Unfathomable
by crazy about twilight
Summary: Several small scenes in Twilight -- from Edward's point of view.


**Summary:** Several small scenes in Twilight -- from Edward's point of view.

- - - - - - - - - -

"_You don't like the cold." It wasn't a question._

"_Or the wet."_

"_Forks must be a difficult place for you to live," he mused._

"_You have no idea," I muttered darkly._

_He looked fascinated by what I said, for some reason I couldn't imagine._

- - -

"It's too bad about the snow, isn't it?" I asked Bella. For some unimaginable reason, I found myself eager to hear more of her opinion on the cool weather. Only several hours ago, I'd caught a brief snippet of her conversation with Mike, and therein discovered her intense dislike of the freezing precipitation. Something about that fascinated me – if she preferred the warm, why on earth did she move to such a gloomy area? My stomach churned as I waited for her response. Because of her guarded mind, I unfortunately had to inquire of her reasons, rather than sort through her thoughts. Perhaps that was justification enough for my enthusiasm for her reply.

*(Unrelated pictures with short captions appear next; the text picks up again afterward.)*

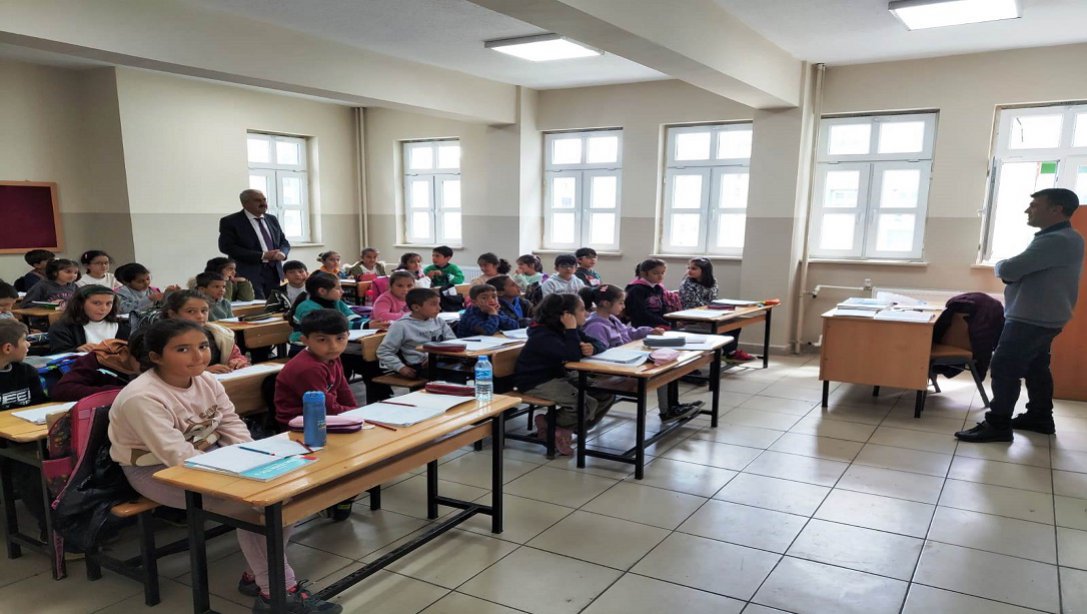 Çelikhan İlçe Milli Eğitim Müdürü Resul ACAR Ş.M.ÇELİK İlk ve Ortaokulunu Ziyaret Etti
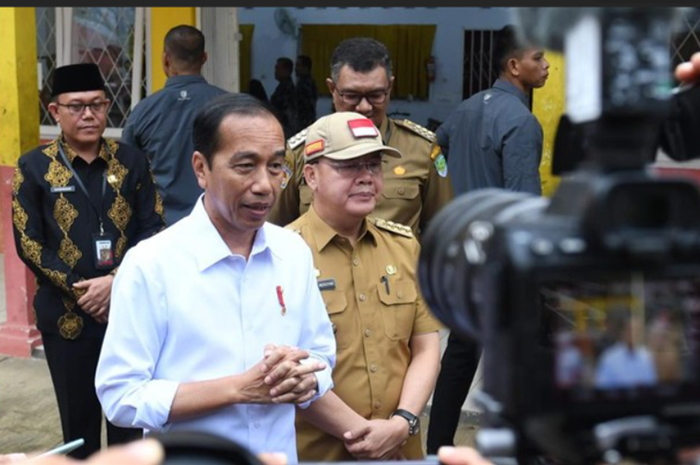 Emak-emak Berani Terobos Paspampres untuk Sampaikan Keluhan kepada Jokowi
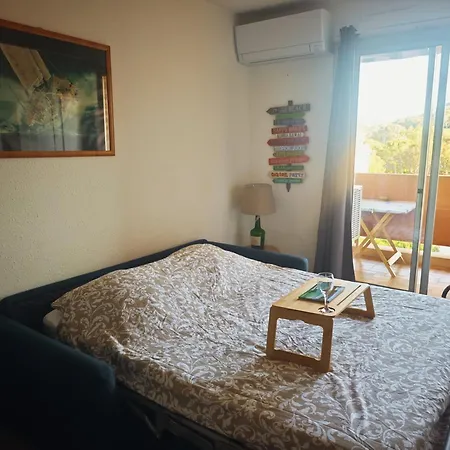 Peaceful Seaview With & Pool Access, Air Conditioning Bormes-les-Mimosas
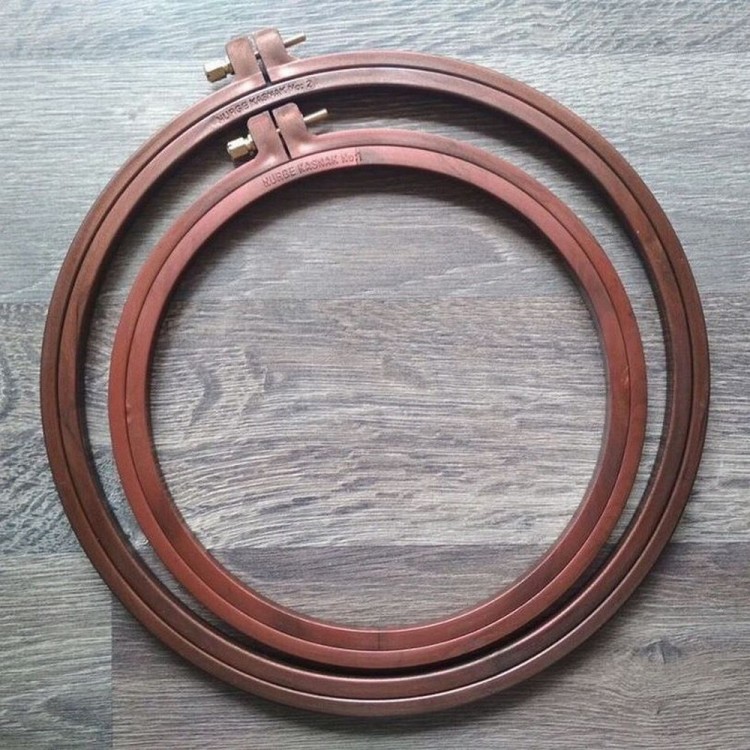 Nurge 170-2 Пяльцы пластиковые с винтом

Or perhaps I just wished to hear more of her startlingly striking voice.

A flash of intuition – mixed with an unexpected note of panic – sparked in her eyes. "Not really," she answered, unconsciously shrugging her shoulders. The gesture sent a small wave of air careening off her body and toward my face, and I stopped breathing as her scent hit my nose like a wrecking ball.

"You don't like the cold."

"Or the wet," she added.

So her comments from earlier were completely accurate. Residing in this dull and overcast town would be seemingly hard for a person who disliked rain and its icy kin.

"Forks must be a difficult place for you to live," I pondered aloud.

Her chocolate brown eyes darkened with intensity. "You have no idea."

I held in a sigh as another scan of her thoughts proved to be a failure. No matter how often or intensely I attempted, her mind would always be a vast expanse of nothingness in my head. _You have no idea._ If only Bella knew how incredibly precise she was.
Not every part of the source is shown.